But also remember that my exams are open-notes, so my students can always look these things up.  But it would certainly save them a lot of time if these 40 items truly come as second-nature to them.  More importantly, I want them to know these things well enough to apply what they’ve learned far beyond their brief time in my course.

#72 Trade-offs

Making good decisions requires assessing trade-offs.  We encounter such situations frequently in everyday life as well as in professional settings.  As I am deciding what to do with myself at this very moment, I am weighing the trade-offs associated with writing this blog post and watching the Masters golf tournament.  If I watch golf, then I will have less time to write this post.  Its quality will suffer, and I will need to keep working on this post into Sunday evening.  Because I’m a morning person, that means that its quality will suffer even further.  But If I write this blog post now instead of watching golf, then I will miss out on a fun diversion that I look forward to every year.  What to do?  You could argue that I try to do a bit of both, watch golf with one side of my brain and write this post with the other.  But multi-tasking is not my strong suit.  Because this particular golf tournament only comes around once per year, I think I’ll focus on that for a while.  I’ll be back, I promise …

Okay, where was I?  While I was away, I realized that you are probably wondering: What does this have to do with teaching statistics?  I recently asked my students to complete an assignment based on the activity I presented in post #40, Back to normal (here).  This assignment has three goals:

  • The immediate goal is for students to develop their ability to perform fairly routine calculations from normal probability distributions, calculating both probabilities and percentiles. 
  • A secondary goal is to introduce students to the topic of classification problems.
  • The big-picture goal is to lead students to think about trade-offs and how decision-making often requires striking a balance between competing interests.

Here’s the assignment:

Suppose that a bank uses an applicant’s score based on some criteria to decide whether or not to approve a loan for the applicant.  Also suppose that these scores follow normal distributions, both for people who would repay to the loan and for those who would not:

  • Those who would repay the loan have a mean of 60 and standard deviation of 8;
  • Those who would not repay the loan have a mean of 40 and standard deviation of 12.
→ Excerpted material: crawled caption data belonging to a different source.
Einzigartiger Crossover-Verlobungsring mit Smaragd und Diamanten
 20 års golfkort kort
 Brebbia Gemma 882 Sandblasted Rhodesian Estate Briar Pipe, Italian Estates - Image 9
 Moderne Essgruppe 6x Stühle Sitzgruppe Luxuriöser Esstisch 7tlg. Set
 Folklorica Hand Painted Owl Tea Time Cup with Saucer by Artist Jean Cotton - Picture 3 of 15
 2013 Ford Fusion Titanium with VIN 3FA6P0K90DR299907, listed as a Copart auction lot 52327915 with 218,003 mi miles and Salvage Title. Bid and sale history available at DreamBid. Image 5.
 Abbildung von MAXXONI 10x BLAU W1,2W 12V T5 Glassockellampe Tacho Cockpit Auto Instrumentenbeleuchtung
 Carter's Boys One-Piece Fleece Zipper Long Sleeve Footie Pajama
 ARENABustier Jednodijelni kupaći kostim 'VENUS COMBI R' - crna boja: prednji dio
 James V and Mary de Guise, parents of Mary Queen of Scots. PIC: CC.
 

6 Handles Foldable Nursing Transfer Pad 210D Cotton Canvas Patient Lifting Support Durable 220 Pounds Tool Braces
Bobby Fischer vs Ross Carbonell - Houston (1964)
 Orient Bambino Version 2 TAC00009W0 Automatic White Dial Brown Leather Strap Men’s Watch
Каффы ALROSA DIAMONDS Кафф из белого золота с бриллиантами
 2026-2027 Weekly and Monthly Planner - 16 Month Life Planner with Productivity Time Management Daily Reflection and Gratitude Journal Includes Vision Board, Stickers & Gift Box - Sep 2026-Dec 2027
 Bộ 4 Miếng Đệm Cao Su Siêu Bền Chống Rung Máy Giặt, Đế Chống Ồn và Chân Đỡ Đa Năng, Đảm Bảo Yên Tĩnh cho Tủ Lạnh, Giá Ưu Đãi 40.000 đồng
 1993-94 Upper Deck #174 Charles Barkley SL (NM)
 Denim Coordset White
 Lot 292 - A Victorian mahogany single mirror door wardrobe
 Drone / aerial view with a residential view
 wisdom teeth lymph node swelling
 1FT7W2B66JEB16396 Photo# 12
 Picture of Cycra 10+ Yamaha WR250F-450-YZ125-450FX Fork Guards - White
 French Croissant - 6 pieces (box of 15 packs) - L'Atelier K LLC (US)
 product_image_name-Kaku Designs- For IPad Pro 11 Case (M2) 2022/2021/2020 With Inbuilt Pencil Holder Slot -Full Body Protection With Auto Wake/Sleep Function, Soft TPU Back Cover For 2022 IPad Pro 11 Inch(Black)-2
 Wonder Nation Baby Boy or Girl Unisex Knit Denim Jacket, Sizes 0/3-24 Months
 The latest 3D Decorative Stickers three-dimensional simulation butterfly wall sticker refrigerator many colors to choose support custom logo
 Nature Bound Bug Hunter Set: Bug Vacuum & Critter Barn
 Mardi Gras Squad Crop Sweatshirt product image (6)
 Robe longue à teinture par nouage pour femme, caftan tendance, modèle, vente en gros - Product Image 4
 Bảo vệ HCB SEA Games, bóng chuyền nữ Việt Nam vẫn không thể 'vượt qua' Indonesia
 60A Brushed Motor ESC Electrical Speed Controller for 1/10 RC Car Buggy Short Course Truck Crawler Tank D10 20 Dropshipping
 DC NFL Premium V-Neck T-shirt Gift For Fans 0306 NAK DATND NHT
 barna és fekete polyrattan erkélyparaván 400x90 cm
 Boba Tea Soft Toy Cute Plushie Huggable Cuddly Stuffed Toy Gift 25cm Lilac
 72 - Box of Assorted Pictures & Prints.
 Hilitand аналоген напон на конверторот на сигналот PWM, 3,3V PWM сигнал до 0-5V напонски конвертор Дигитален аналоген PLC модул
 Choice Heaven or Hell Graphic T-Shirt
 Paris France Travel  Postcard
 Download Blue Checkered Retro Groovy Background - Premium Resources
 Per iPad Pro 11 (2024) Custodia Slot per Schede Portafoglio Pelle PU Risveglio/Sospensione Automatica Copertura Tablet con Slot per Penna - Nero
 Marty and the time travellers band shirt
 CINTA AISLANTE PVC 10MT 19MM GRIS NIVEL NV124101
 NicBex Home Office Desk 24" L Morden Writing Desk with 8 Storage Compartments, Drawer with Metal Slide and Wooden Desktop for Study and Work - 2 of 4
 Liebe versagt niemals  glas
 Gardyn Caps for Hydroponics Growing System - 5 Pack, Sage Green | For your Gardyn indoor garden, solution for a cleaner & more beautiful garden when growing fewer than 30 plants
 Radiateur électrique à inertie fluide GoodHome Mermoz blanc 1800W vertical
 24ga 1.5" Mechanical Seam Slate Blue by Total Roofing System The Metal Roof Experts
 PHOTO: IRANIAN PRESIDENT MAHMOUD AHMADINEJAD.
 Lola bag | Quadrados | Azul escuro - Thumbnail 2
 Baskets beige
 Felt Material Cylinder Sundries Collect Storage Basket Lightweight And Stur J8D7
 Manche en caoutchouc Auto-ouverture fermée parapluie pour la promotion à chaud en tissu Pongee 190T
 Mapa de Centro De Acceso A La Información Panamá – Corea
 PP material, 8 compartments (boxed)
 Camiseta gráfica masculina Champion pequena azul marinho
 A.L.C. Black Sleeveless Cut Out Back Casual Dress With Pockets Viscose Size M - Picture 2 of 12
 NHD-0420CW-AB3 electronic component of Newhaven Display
Consider this decision rule:

  • Approve a loan for applicants with a score above 50.
  • Deny the loan for applicants with a score of 50 or below.
  • a) Determine the z-score of the cut-off value 50 for each kind of applicant: those who would repay the loan and those who would not.  Show how to calculate these two z-scores by hand.  Also write a sentence interpreting each z-score.
  • b) Determine the probability that an applicant who would repay the loan is denied.  Also provide a shaded sketch.  (Feel free to use the applet here: www.rossmanchance.com/applets/NormCalc.html.)
  • c) Determine the probability that an applicant who would not repay the loan is approved.  (Again provide a shaded sketch.)

Now consider changing the cut-off value in the decision rule.

  • d) Determine the cut-off value needed to decrease to 0.05 the probability that an applicant who would repay the loan is denied.  (Also report the z-score and provide a shaded sketch.)
  • e) For this new cut-off value, what is the probability that an applicant who would not repay the loan is approved?  (Again report the z-score and provide a shaded sketch.)
  • f) Comment on how these two error probabilities with the new cutoff value compare to their counterparts with the original cutoff value.

Now consider changing the cut-off value in the decision rule again.

  • g) Determine the cut-off value needed to decrease to 0.05 the probability that an applicant who would not repay the loan is approved?  (Again report the z-score and provide a shaded sketch.)
  • h) For this new cut-off value, what is the probability that an applicant who would repay the loan is denied.  (Again report the z-score and provide a shaded sketch.)
  • i) For each of the three cut-off values that have been considered, calculate the average of the two error probabilities.  Which cut-off rule is the best according to this criterion?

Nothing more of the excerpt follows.